Bob Talley from Nederland, TX posted:

I think that mice are nice where they belong - in traps, not in computers.
Wasn't it bad enough for computers to have bugs in them - now they have mice? Is
there no end to the vermin infestation? What's next - chipmunks? The meeses I
have tried were slower and less accurate than a keyboard. They may be nice for
games, but who cares? What's the matter with WORDS? Have we forgotten how to
use plain, simple words? This brings me to my other pet hate -the infamous
Icon.

Why Icons? Can't we all read English? Must we have cutesy little pictures
to tell us what to do next? Are we raising a nation of people who are computer
literate but English illiterate? One of the programs I bought and threw away
had a picture of of a hammer in it. I never did find out what it was supposed
to mean, but I know what I thought it meant - I should have hit myself on the
head with a hammer for buying anything so childish and inane. Expensive trash!

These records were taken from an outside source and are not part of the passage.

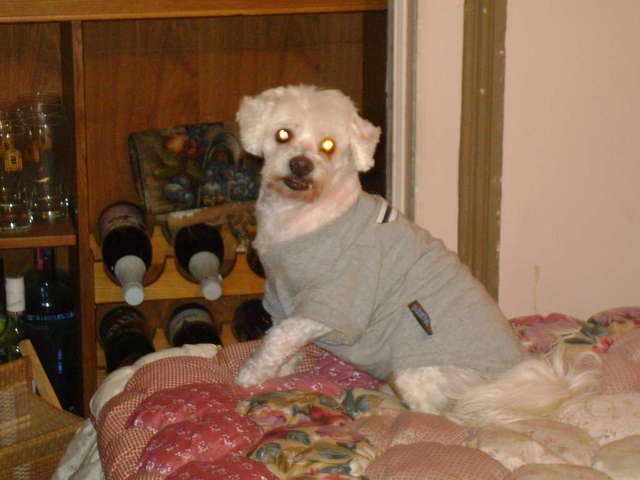 Prince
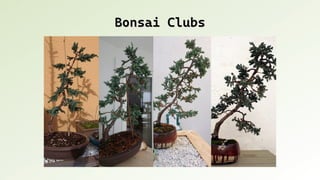 Bonsai Clubs
Bonsai Clubs
 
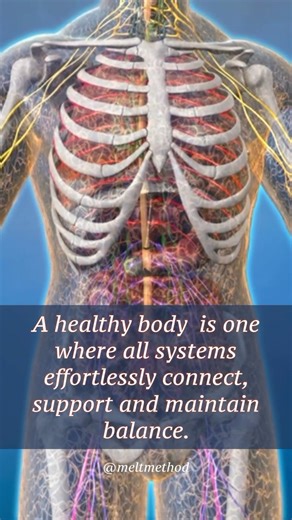 When health experts talk about a healthy body, they often focus on factors like predefined height, muscle-to-fat ratio, and weight, taking into account diet, fitness, and genetics. However, limiting health to just nutrition, exercise capabilities, and body fat offers a narrow perspective. To us, a healthy body is one where all systems effortlessly connect, support one another, and maintain balance — structurally, neurologically, and chemically. When your body functions as an integrated system, m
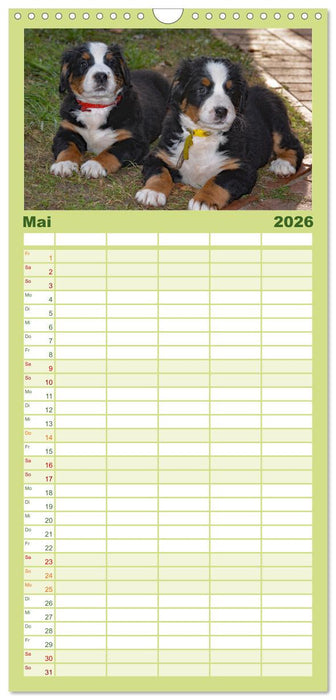 Rasselbande mit 40 Pfoten (CALVENDO Familienplaner 2026)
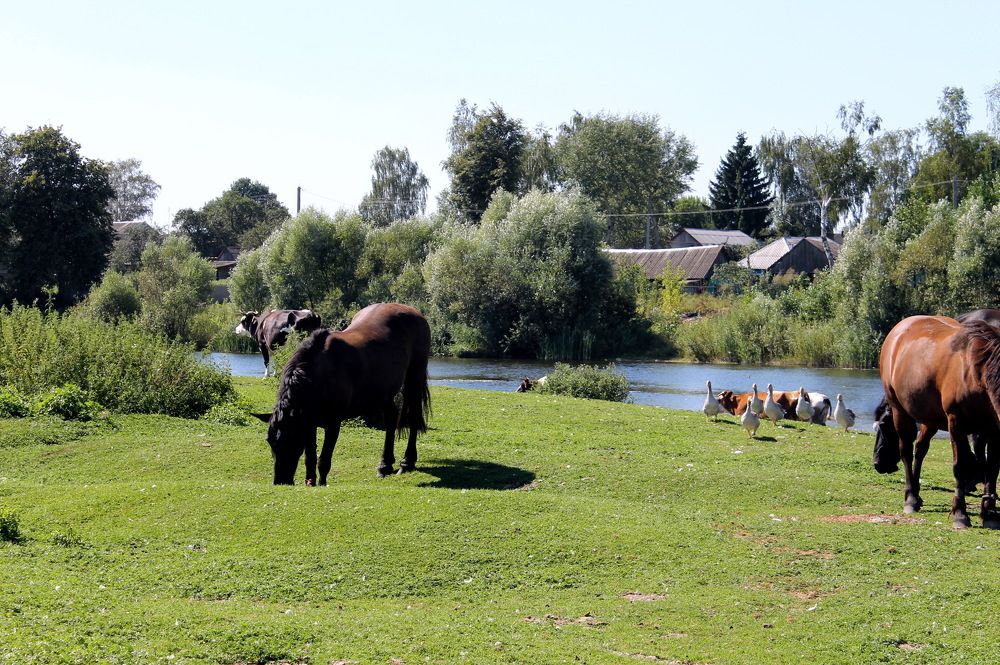 Photograph by Александр Гришин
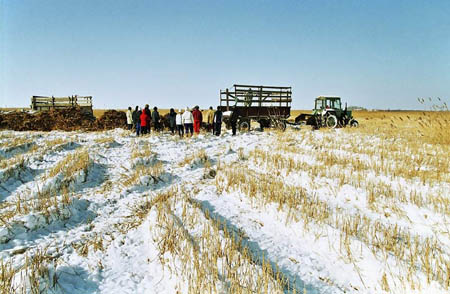 matsalu-16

And just EXACTLY what do the scissors mean? Cut & Paste? Cut what? Paste
what? Paste what to what? What is the matter with simple words like "insert" or
"delete" or "move"? If I wanted to see a picture show, I'd turn on the Boob
Tube and let the over-paid, shallow minded fools like Merv Watchamacallit do my
thinking for me. My opinion is, if you MUST have pictures to run your computer,
you should really take up something that fits your mental aptitude better - like
knitting - or sky-diving, sans 'chute.